TASK OBJECTIVE
Repeat word for word the lines starting at the one with "Personalized BF Angry" and ending at the final line of the material, both ends included; omit pictures.

INFORMATION SHOWN

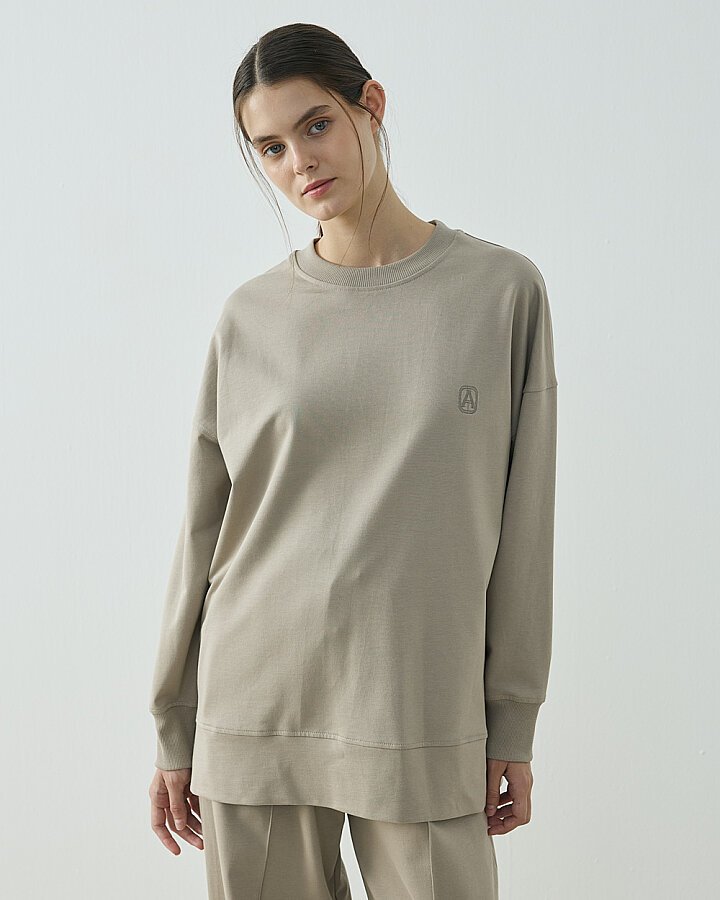 Cotton İki İplik Pure Sweat Taş - Aybikestil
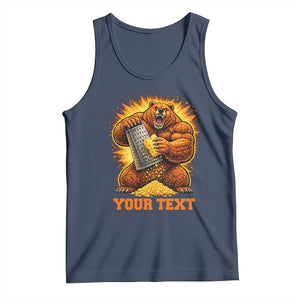 Personalized BF Angry Bear Grating Cheese Tank Top Custom Text Football Fans TS10 Navy Print Your Wear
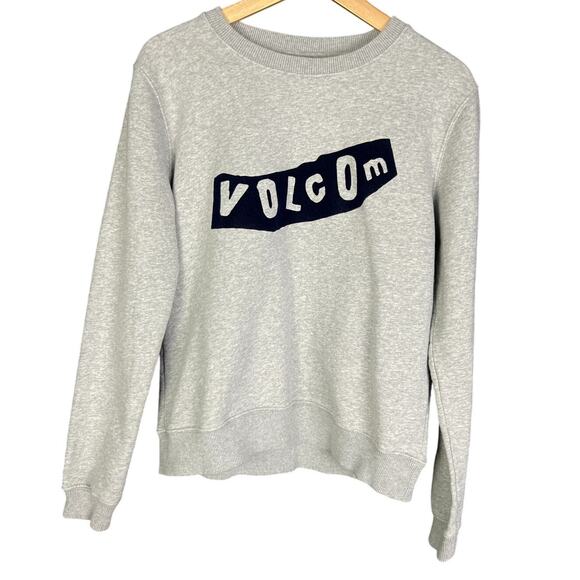 Women's Volcom Stone Surf Skateboarding Gray Logo Sweatshirt - Size Small - Picture 1 of 4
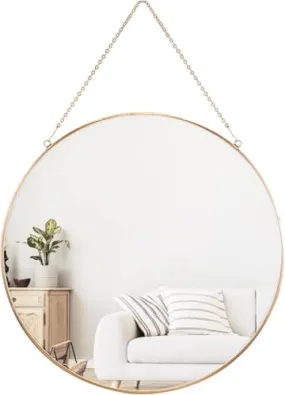 HUWIX Taxilaa 11 Inches Round Shape Hanging Vintage Wall Mirror with Brass Border Wall Hanging Mirror with Chain | Decorative Mirror for Wall Living Room Bedroom & Bathroom Mirror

SOLUTION
 Personalized BF Angry Bear Grating Cheese Tank Top Custom Text Football Fans TS10 Navy Print Your Wear
 Women's Volcom Stone Surf Skateboarding Gray Logo Sweatshirt - Size Small - Picture 1 of 4
 HUWIX Taxilaa 11 Inches Round Shape Hanging Vintage Wall Mirror with Brass Border Wall Hanging Mirror with Chain | Decorative Mirror for Wall Living Room Bedroom & Bathroom Mirror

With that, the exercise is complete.